While most people think of a sit up as a basic gym exercise that everyone should be able to do, they are actually quite a risky move.
If you are not being coached through the perfect form for a sit up, you are probably not focusing enough on the position of your neck and head and it is incredibly common for people to pull their head and neck up with their hands, forcing the spine to curve and putting pressure on the back and shoulders rather than those core muscles you so desperately want to work.
If you are ever trying to work your tummy muscles, always keep in mind that you should NEVER feel it in your back.
If you do, stop immediately. And this is why I just cut sit ups out of workouts, because, unless performed with complete accuracy, they are tough to get right.
2. Bicycle crunches
A move that looks super impressive when you see someone doing it at record pace on the gym floor, the bicycle crunch is a classic example of: the faster you do it, the less effective it will be.
A proper, slowly executed bicycle crunch is very difficult and requires an already strong core, so anyone adding these into their workouts usually overcompensates and makes the move “easier” by speeding it up, rounding the back and using other muscles to help them out.
Goodbye strong core, hello back pain.
Bicycle crunches can so easily put strain on your back and neck and that is never going to help us achieve a healthier body, or a slimmer tummy.
OK, so we know to cut these core exercises out pretty sharpish if a flatter tummy is our goal, but what do we do instead?
It’s OK if your goal isn’t to have a slimmer tummy, but if it is something you want to achieve for your health or your personal confidence, then the first thing I tell people, before we talk about any exercises, is, you need to look at burning fat first.
Everyone has core muscles, but no matter how toned they are, if you have excess body fat in their area then you will struggle to see them.
Achieving a calorie deficit is key, and that simply means using up more energy in your day than you consume in food and drink.
Think about reducing portion sizes if you need to, remove ultra processed foods like white bread and takeaways from your diet, and add in lots of vegetables and healthy proteins.
Also think about sitting still less. Whether that’s at a desk, in a car or in front of the TV. Where you can, get up and move.
3 exercises guaranteed to work your tummy
There are great core exercises that promise to work multiple muscle groups and really force you to engage your tummy muscles.
These are my go to ab exercises that I get my clients doing when they want to train their tummy.
1. The straight leg Pilates crunch
A great core movement that you can do at home using tea towels, or on a reformer pilates machine, if you are lucky enough to have access to one at your gym.
This move targets your rectus abdominis, transverse abdominis and your oblique muscles.
Find a hard floor surface and place two tea towels underneath your feet.
From here, bend your knees and place your hands on the floor, walking out into a plank position (feet still on the tea towels).
Keeping your shoulders over your wrists and a flat back, engage your core then lift your bum into the air, keeping your legs straight and allowing your feet to drag in, towards your hands.

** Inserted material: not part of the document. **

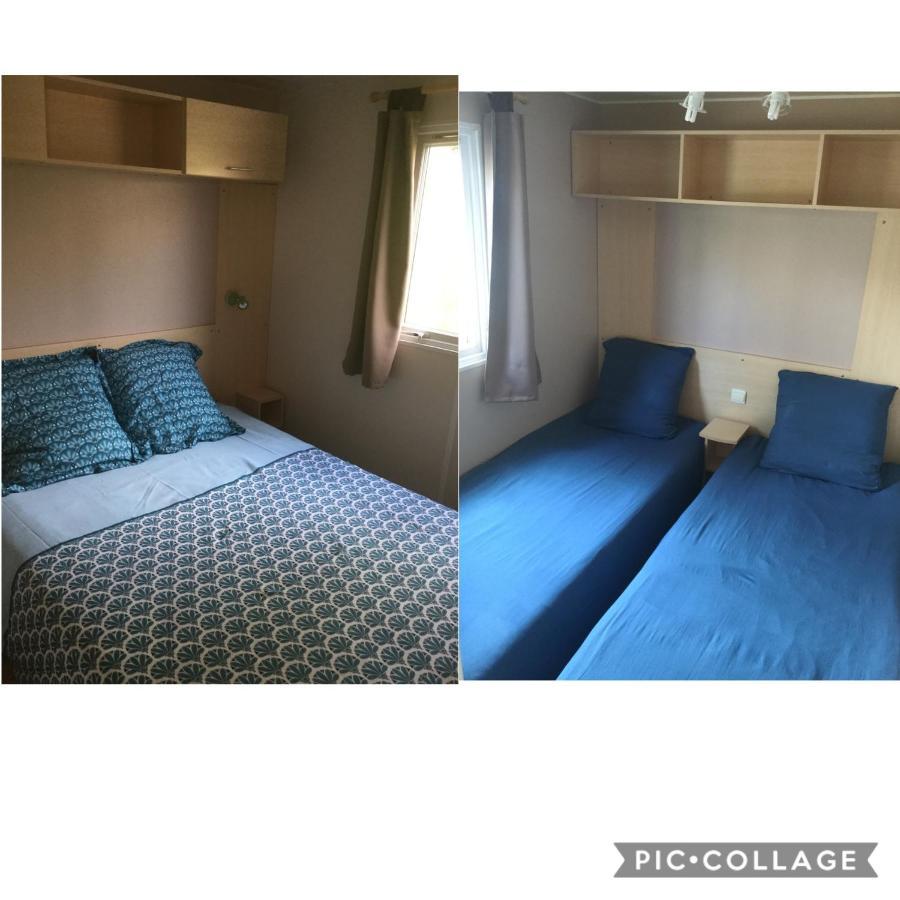 Camping De La Liez Hotell Peigney Exteriör bild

Once you reach as far as you can go, allow the feet to return to the start, plank position. Repeat for 12 reps, or as many as you can.
2. Hanging knee raises
An absolute core burner, this will fire up those tummy muscles including your rectus abdominis and external obliques and really deeply strengthen them to help you achieve that flatter tummy.
Step or jump up to hold on to a pull up bar (whether in the gym or at the park).

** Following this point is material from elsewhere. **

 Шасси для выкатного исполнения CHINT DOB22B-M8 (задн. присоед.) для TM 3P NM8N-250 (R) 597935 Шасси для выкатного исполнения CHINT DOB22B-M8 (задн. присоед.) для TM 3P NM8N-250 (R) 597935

Start by hanging with arms long and upper back engaged by pushing your chest up and shoulder blades back behind you.
From here, engage your core and breathe out as you lift both your knees up towards your chest.
Hold here for a second, then extend your legs back down, nice and slowly. Repeat 12 reps or as many as you can,
3. High knee sprints
OK, so this might not be what you expect when you think of a “tummy exercise” but sprinting on the spot is a fantastic way to work the core while also achieving cardio fat burn.
You have two options here, a high impact and low impact version of the same exercise.
Start standing with your feet hip distance apart.
For option one, drive your left knee up to your chest then quickly swap to bring your right knee up to your chest and continue to do this as fast as you can, sprinting on the spot.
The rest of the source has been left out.